The article describes a selection of students big on dreams and low on hopes. The future is bleak for them, and they know it.
I am, of course, not insensitive to the way media crafts its narratives, but of the ten or so 20-somethings they interviewed, two were chefs, one an interior designer, one a DJ, another a film major…
The typical way we understand this is as a fault of the structure of the economy; too many young people, wages cheaper elsewhere, not enough jobs here.
What struck me about the article– and about the website “wearethe99percent”– is the number of liberal arts majors.
I know there aren’t any jobs. The question is whether the youth unemployment isn’t due to a lack of jobs, but to their deliberately choosing a major for which there was no job. In other words, NOT “why are there so few jobs for liberal arts majors?” but “why do so many people go into the liberal arts?”
I learned two things:
1. The number of liberal arts majors has collapsed since from 1970-2004.
In one generation, then, the numbers of those majoring in the humanities dropped from a total of 30 percent to a total of less than 16 percent; during that same generation, business majors climbed from 14 percent to 22 percent.
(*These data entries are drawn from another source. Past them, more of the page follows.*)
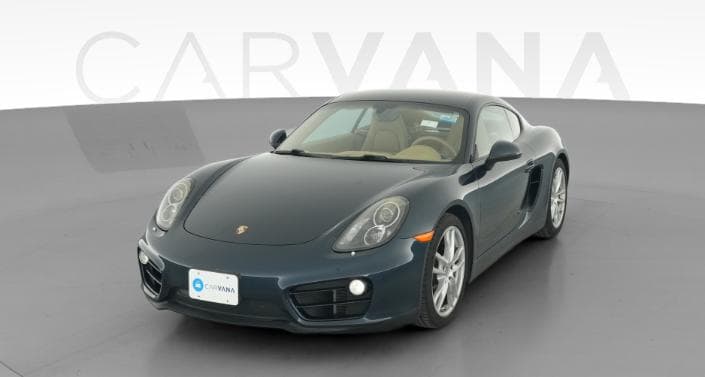 2014 Porsche Cayman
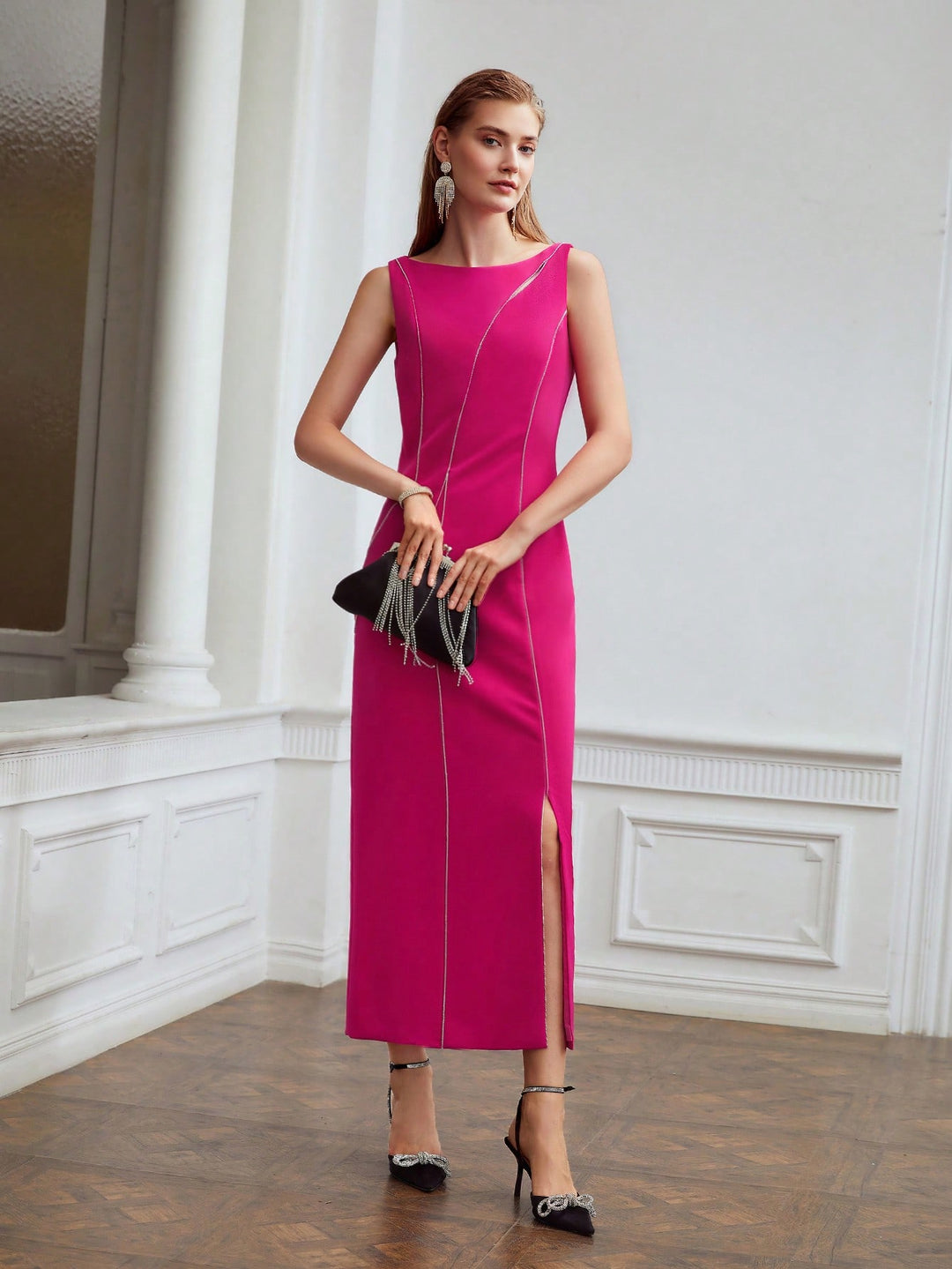 Rochie maxi SHEIN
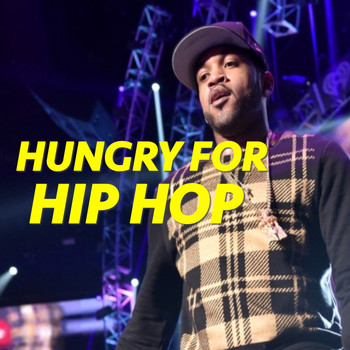 Various Artists - Hungry For Hip Hop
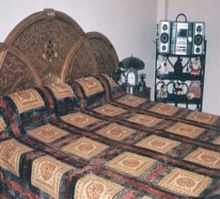 ETHNIC BED SPREADS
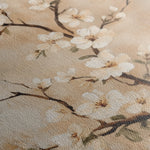 Floral 1513 Canvas Art 60 x 40 cm / Black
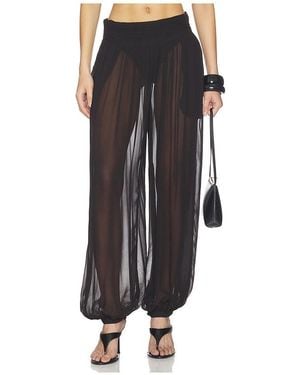 Tularosa Guetta Pant - Black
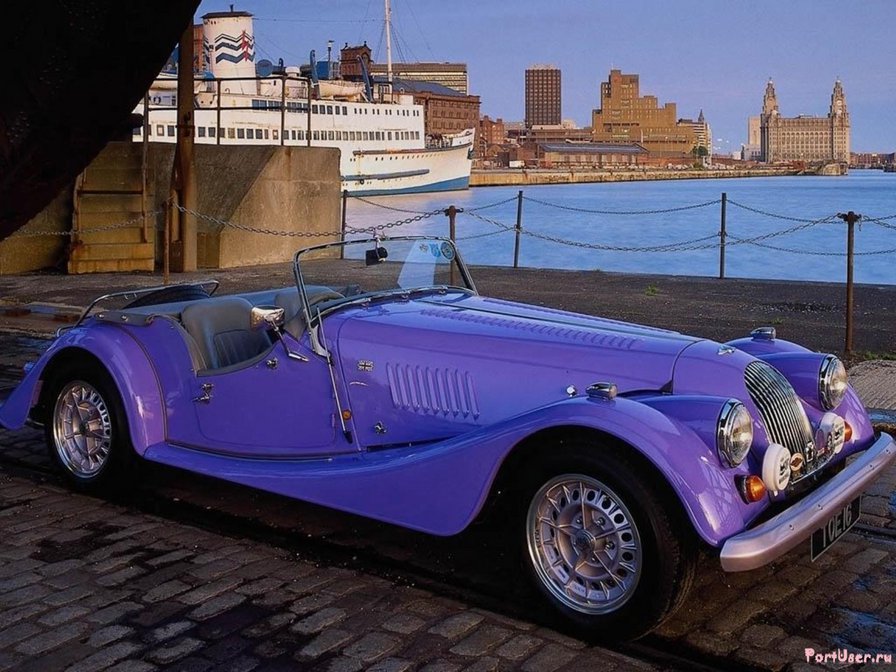 Автомобиль - автомобиль - оригинал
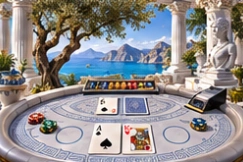 Blackjack &middot; Starověk&eacute; Řecko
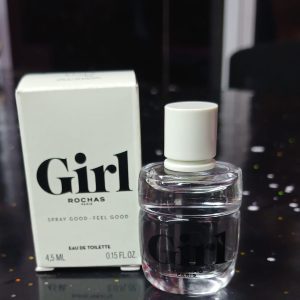 Rochas Girl Paris Fragrances for Women 4.5ml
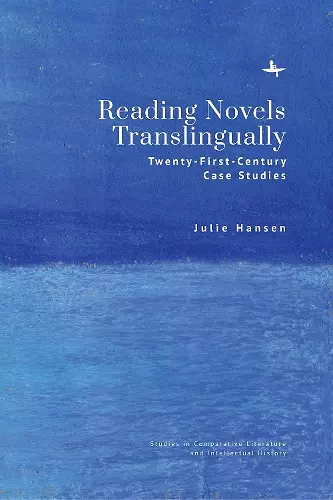 Reading Novels Translingually cover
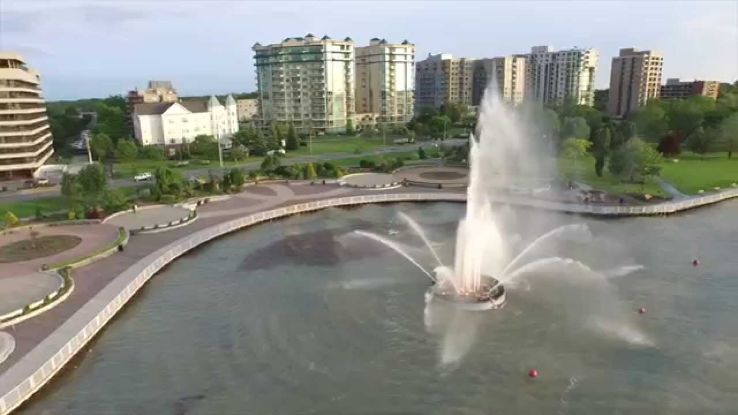 Peace Fountain Trip Packages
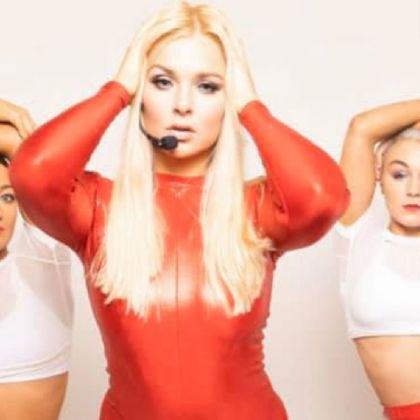 Britney Tribute Experience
Nothing surprising there. Which bring me to the the second thing:
2. This astonishing chart:
Summarized by this astonishing chart:
I don’t know if this is a fluke, or wrong, or what. It appears that not only are more people going into the– liberal arts?– instead of fewer of them as one might expect; but a greater proportion of the American students are graduating with liberal arts degrees since the Crash.
It’s easy to criticize, but my intention here is to ask the sociological question: what motivates the decision to go into liberal arts specifically when one knows job prospects are poor? Of course I understand interest in the major; but why choose to go into debt with nothing on the horizon?
Time will tell whether this trend continues; will the proportion rise or fall in 2012, the first post-Crash class?
Possible explanations include:
1. Many liberal arts majors have a legitimate expectation of alternative income: marriage, family inheritance, etc. (viz. Jenna Bush majoring in education.) It would be a remarkable research project to find out what the kids of the 1% are majoring in; or the median income of the parents of the students in each major.
2. Liberal arts majors do not envision entering the job market as liberal arts graduates; from the outset, they plan on going on to more “useful” post-graduate training. (e.g. philosophy now, med school later.)
3. Parental guidance: their parents are teachers/writers/etc, and they believe the poor job prospects won’t really apply to them.
4. Many jobs only require a degree, and the actual major doesn’t matter (e.g. some management jobs, civil service jobs, etc) So they choose an “easy” major.
5. The Ponzi Scheme: government loans mean the school can charge any price, and students will pay any price (they don’t feel it until later) so majors are not, or less, valued for their ROI.
Again, my intention isn’t to criticize, and I don’t even know if these statistics are right (too early to see a trend.)